Me
levanto para tomar un tren que me llevará hasta Sfax.
En la recepción del hotel no me quieren
reservar una habitación para mi día de vuelta.
Me dicen que esperan un grupo.
Sólo consigo un Insalá.
Un “si Dios quiere” deja la puerta abierta a
cualquier cosa.
Es perfecto para cuando uno no sabe o no
quiere comprometerse, nadie se atreve a cuestionar la infinita voluntad divina.

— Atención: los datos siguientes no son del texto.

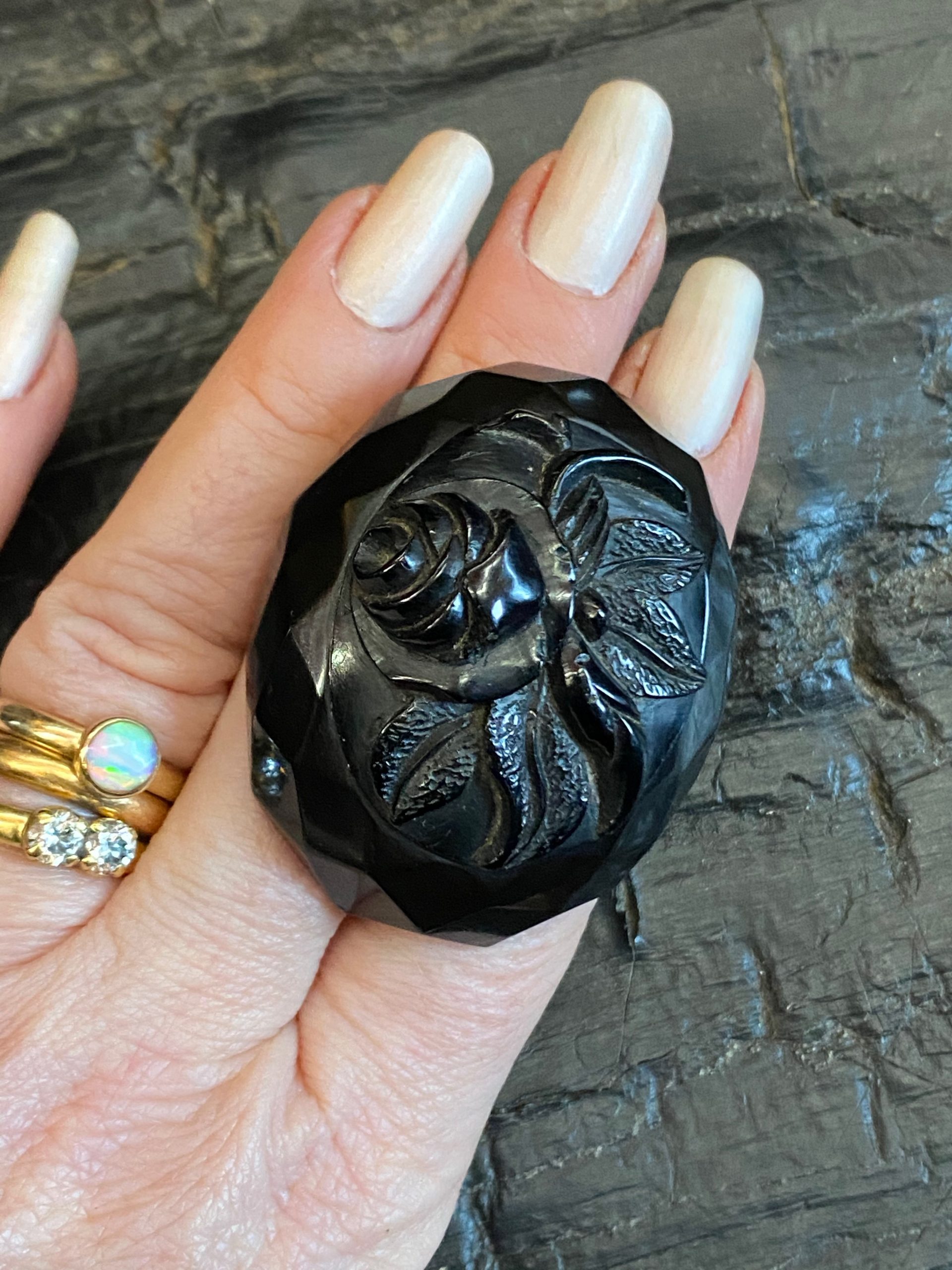 Antique Whitby Jet Brooch ” The Rose”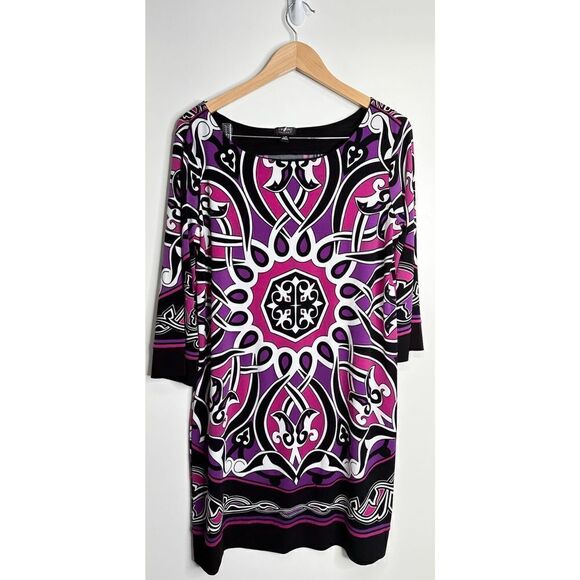 Nicole Miller Shift Dress Womens Size Large Printed Cocktail Party Purple/Black - Picture 1 of 9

Caminando bajo un dulce sol primaveral norteafricano
me pregunto que clase de grupo tendrá los santos cojones de alojarse allí –me
imagino un grupo de deportados etíopes o algo así- y es más, me inclino a pensar
que es una decisión que ha tomado el patrón ya que temo no ser un cliente
demasiado rentable; regateé con contundencia el precio de mi habitación al
llegar.
Si esto fuera así, se equivocan, ya que para qué tener una habitación
vacía pudiendo ganar algo; éste siempre es uno de mis argumentos de regateo en los
hoteles.
La chica que expide los billetes del tren me vende uno con una enorme
sonrisa.
No sé porque escasean las sonrisas a mí alrededor
últimamente.
No sé si es por el paso del tiempo, no sé si
porque yo voy siendo más mayor, no sé si es porque yo mismo olvido sonreír.
Tal vez sea esto último.
¿Usted sonríe mucho y encuentra correspondidas
sonrisas? ¿Sí?
Entonces mea culpa.
El tren va a tope. Consigo sentarme en el
descansillo encima de mi bolsa. Paso más de cuatro horas así. Más tarde me
enteraré que hoy empiezan las vacaciones de primavera de los millones de
chavales y chavalas del país.
Llego a Sfax.
Si alguien me pregunta si lo poco que yo he
visto de esta ciudad me parece bonita... silbaré y miraré en otra dirección.
En
su descargo puedo decir que apenas la he visto.
Me pido un bocata de escalope de pollo
picante. La chica que me lo ha de preparar se muere de risa ante mi patético y
desvergonzado árabe.
Comparto mesa (sólo hay una) con un tunecino y
un chaval de Guinea Conakry. El primero me presenta al segundo como un buen
jugador de fútbol que quiere jugar en Europa. Mezclamos francés, inglés y
árabe. Cuando la conversación común languidece, ellos siguen con la suya.
Versa sobre que el tunecino tiene un amigo que
por una cifra astronómica de varios miles de euros le consigue un visado para
Europa. El guineano está muy interesado y le cose a preguntas.
Me
preocuparía el posible tangazo al guineano si todo esto no fuera apenas más que
un juego, como una pantomima. El tunecino hace creer al guineano que no hay
trampa ni cartón, y el guineano hace creer al tunecino que puede tener el dinero
para negociar.
Los dos conocen el teatro del otro, no son
tontos, pero siguen con la función.
Como mínimo es curioso. Están tanteándose, y
es posible, me temo, que no tengan otra cosa mejor que hacer en estos momentos.
Los dos son amables conmigo, el tunecino me dice
antes de irme el precio máximo que debo pagar al taxi para llegar al puerto, y
el precio exacto del barco.
Cuando me marcho le dice al guineano:
-Escucha, a ver si aprendes
árabe, hasta el cristiano lo habla.
La chica vuelve a reír,
pensando:
-Hombre, tanto como hablarlo…
¿O eso lo pensé yo?
No, lo que pensé fue:
-El cabrón éste además de
quererle sacar la pasta le intenta dar lecciones…
Cruzo la avenida hacia un kiosco de tabaco.
-Un paquete de Malboro por
favor.
-¿Argelino o nacional?
-¿Cuánto vale el argelino?
-La mitad del nacional.
-Argelino
Me gusta el contrabando.
Yo no soy noruego.
Mi intención es parar un taxi que me lleve al
puerto donde embarcar rumbo las islas Kerkennah y así lo hago.